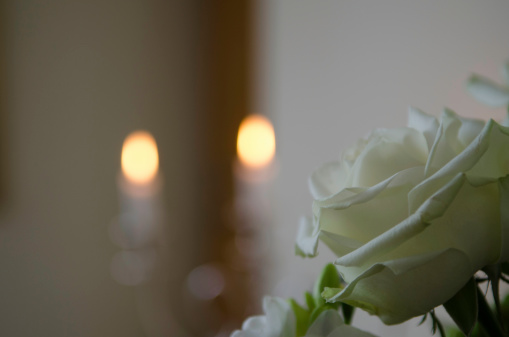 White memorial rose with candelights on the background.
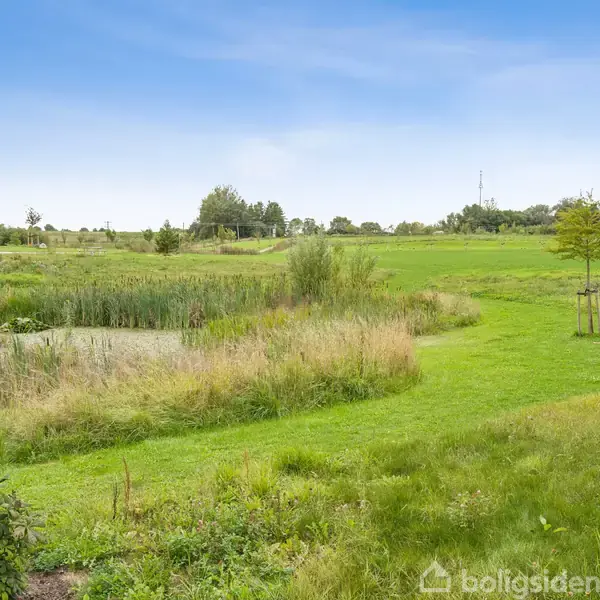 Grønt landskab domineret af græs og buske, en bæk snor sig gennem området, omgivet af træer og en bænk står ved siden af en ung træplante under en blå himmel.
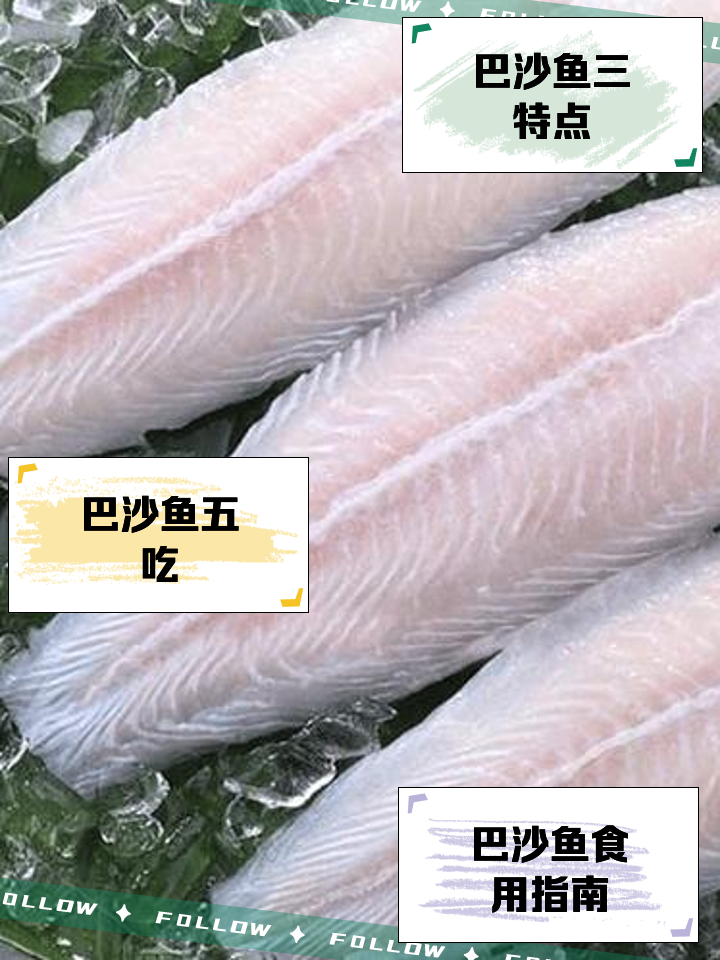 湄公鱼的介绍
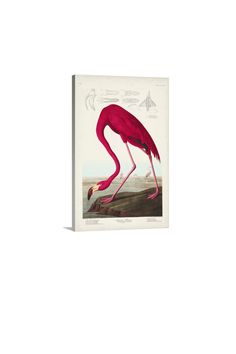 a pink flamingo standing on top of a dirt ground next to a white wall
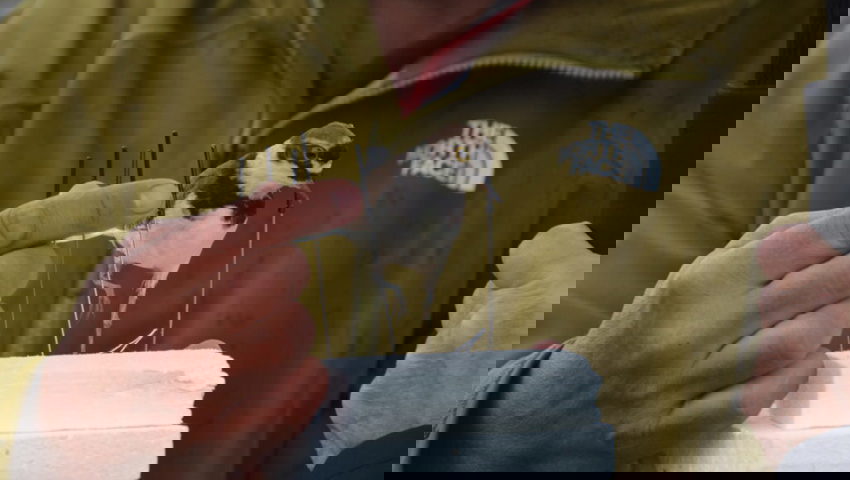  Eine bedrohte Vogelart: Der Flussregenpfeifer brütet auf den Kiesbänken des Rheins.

▶ _EXERCISE BRIEF_
Transcribe every entry exactly. Leave out the pictures.

▶ _ANSWER_
 White memorial rose with candelights on the background.
 Grønt landskab domineret af græs og buske, en bæk snor sig gennem området, omgivet af træer og en bænk står ved siden af en ung træplante under en blå himmel.
 湄公鱼的介绍
 a pink flamingo standing on top of a dirt ground next to a white wall
  Eine bedrohte Vogelart: Der Flussregenpfeifer brütet auf den Kiesbänken des Rheins.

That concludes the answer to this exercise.